A revolta dos centavos

Para cortar a dependência das rodas seria preciso R$ 1 trilhão

Mesmo se União investir R$ 198 bi em outros modais, país seguiria rodoviarista

Sex, 13/07/18 - 03h00

Em 2014, a Confederação Nacional do Transporte (CNT) apresentou um Plano de Transporte e Logística estimando que o país precisaria de R$ 987,18 bilhões – praticamente R$ 1 trilhão – para desenvolver os 2.045 projetos existentes para o setor. Não bastasse o valor alto, seriam necessários cerca de cem anos para que todos fossem executados, levando em consideração o ritmo de investimentos do governo federal, que, em 2018, tem um Orçamento de R$ 10 bilhões para o setor de transporte.

Em 2015, o governo federal lançou com pompa, circunstância e apresentações para empresários estrangeiros um Plano de Investimento em Logística (PIL). Previa R$ 198,4 bilhões no período de 2015 a 2018. O ano de 2018 chegou, o plano já deu lugar a outro, e o Ministério dos Transportes não informa quais partes dele foram, de fato, realizadas.

Mesmo que tudo fosse executado, seria insuficiente para mudar a direção da dependência que o país tem do transporte rodoviário, que, em 195,2 mil quilômetros de rodovias, concentra 54% do transporte de cargas. Se todas as obras previstas fossem realizadas, até 2035 o país ainda seguiria sobre rodas. Os dados estão no estudo “Projeções para a Infraestrutura de Logística de Transportes no Brasil”, divulgado pela Fundação Dom Cabral (FDC) no mês passado.

O estudo da FDC – que leva em conta o Plano de Investimento em Logística (PIL) lançado pelo governo federal em 2015 – estima que, até 2025, as ferrovias aumentem sua representatividade no transporte de cargas dos atuais 26,4% para 29,5%. O problema é que, dez anos depois, em 2035, a tendência é que esse avanço já esteja diluído por dois motivos: o crescimento do volume de produção de cargas de 36,8% e do transporte em toneladas, de 43,7%. Além disso, até lá, cerca de metade dos 1,71 milhão de quilômetros de estradas brasileiras deve estar em péssimas ou inaceitáveis condições de conforto e conveniência.

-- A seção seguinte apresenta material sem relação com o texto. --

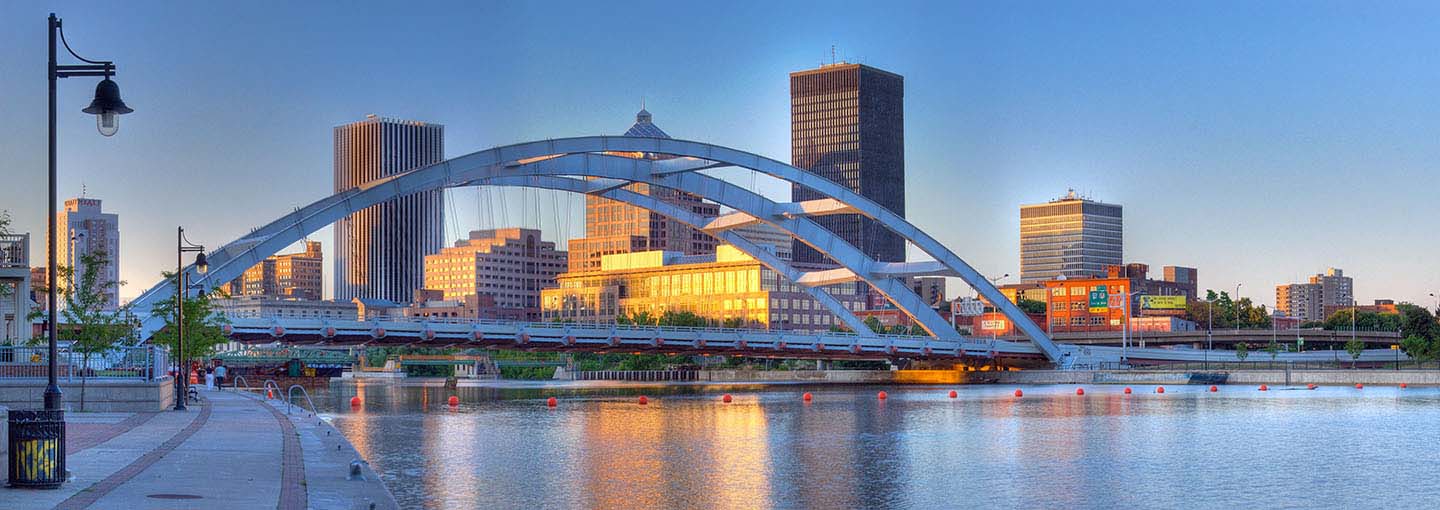 Rochester skyline and bridge at dusk.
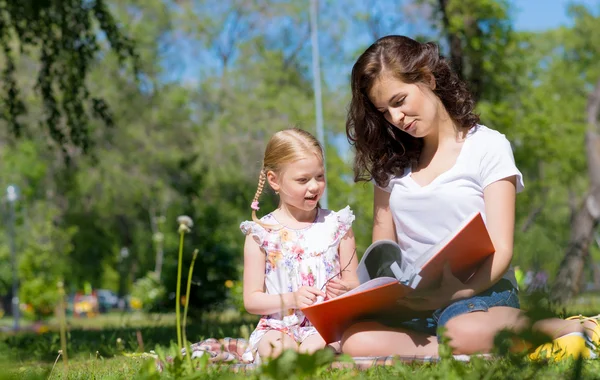 Meisje en vrouw samen met het lezen van boek — Stockfoto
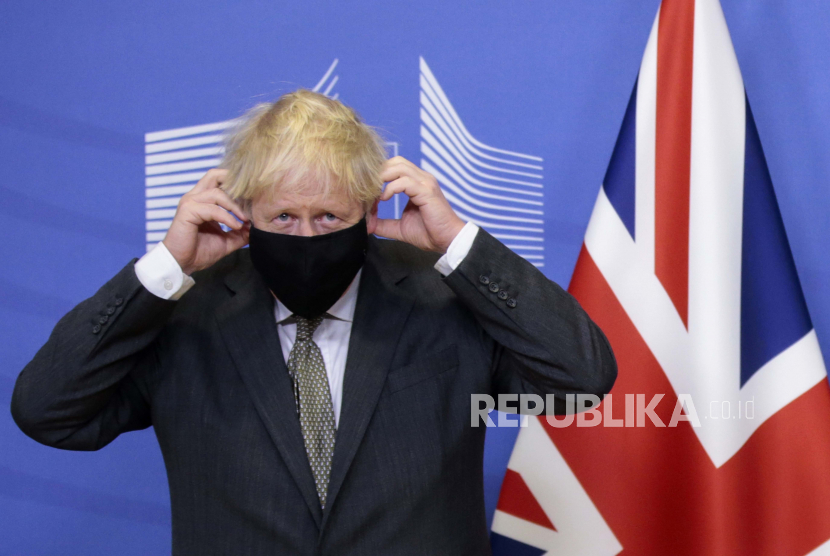 Perdana Menteri Inggris Boris Johnson berdiri di sebelah bendera Union Jack. Inggris ancam hapus beberapa ketentuan perjanjian pasca-Brexit dengan Irlandia Utara. Ilustrasi.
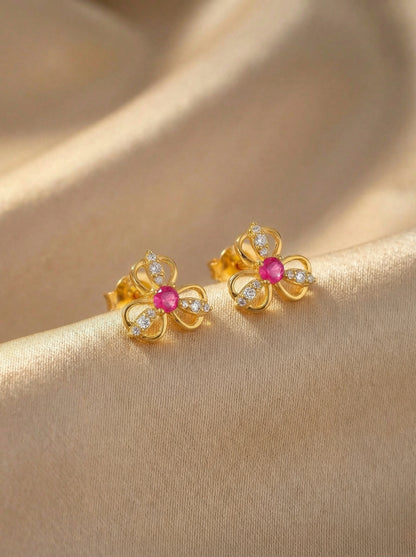 18k Gold plated flower-shaped earrings with pink gemstones on a beige fabric background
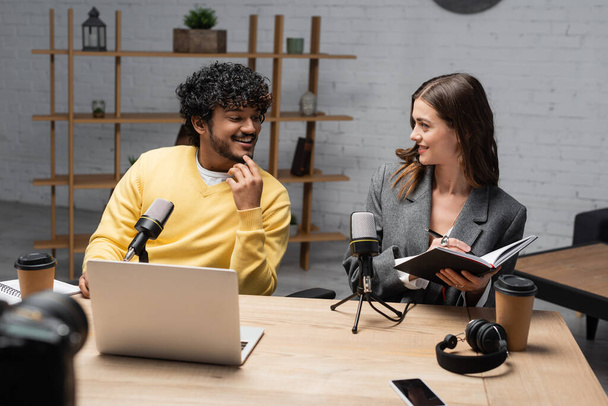 smiling brunette woman in grey blazer writing in notebook close to young and cheerful indian man in yellow jumper near microphones, laptop, coffee to go, headphones and smartphone in studio - Φωτογραφία, εικόνα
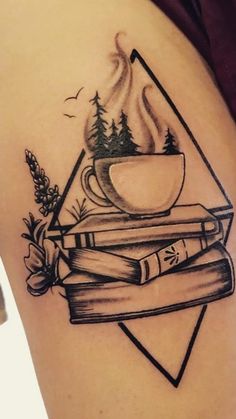 a tattoo with books and a cup of coffee on top of each other in the shape of a triangle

“Continuaremos em um país sobre rodas se não houver um plano nacional, de prioridade do Estado brasileiro de infraestrutura de transporte para o Brasil suficientemente forte e ousado para não só melhorar a qualidade das rodovias, como também para ampliar o potencial das ferrovias e hidrovias e do transporte de cabotagem”, afirma Paulo Resende, diretor da Plataforma de Infraestrutura em Logística de Transportes (Pilt) e coordenador do Núcleo de Logística, Infraestrutura e Suply Chain da FDC.

Mudar a direção dessa realidade, que leva a nação ao atraso, é algo que demanda alto investimento e tempo, fatores escassos em um país em crise financeira. Nos últimos cinco anos houve seguidas quedas no Orçamento do governo federal para o Ministério dos Transportes, Portos e Aviação Civil, situação que leva a uma tendência à deterioração permanente do setor e à manutenção da dependência das rodovias para a movimentação de cargas.

“É preciso um investimento mais longo e consistente, sem variações orçamentárias negativas entre um governo e outro. No Brasil, o plano de integração e logística ainda é desconexo e de referência política grande, em que interesses de alguns políticos priorizam determinadas obras, deixando de lado outras mais importantes”, critica o diretor executivo da CNT, Bruno Batista.

Segundo o Ministério dos Transportes, o PIL deu lugar aos programas Avançar e Avançar Parcerias. No primeiro, estão previstos investimentos de R$ 141 bilhões entre 2016 e 2018, sendo que R$ 77 bilhões já foram empenhados e, até dezembro deste ano, a previsão é de execução de mais R$ 64,7 bilhões. No segundo, serão investidos R$ 161,7 bilhões junto com a iniciativa privada.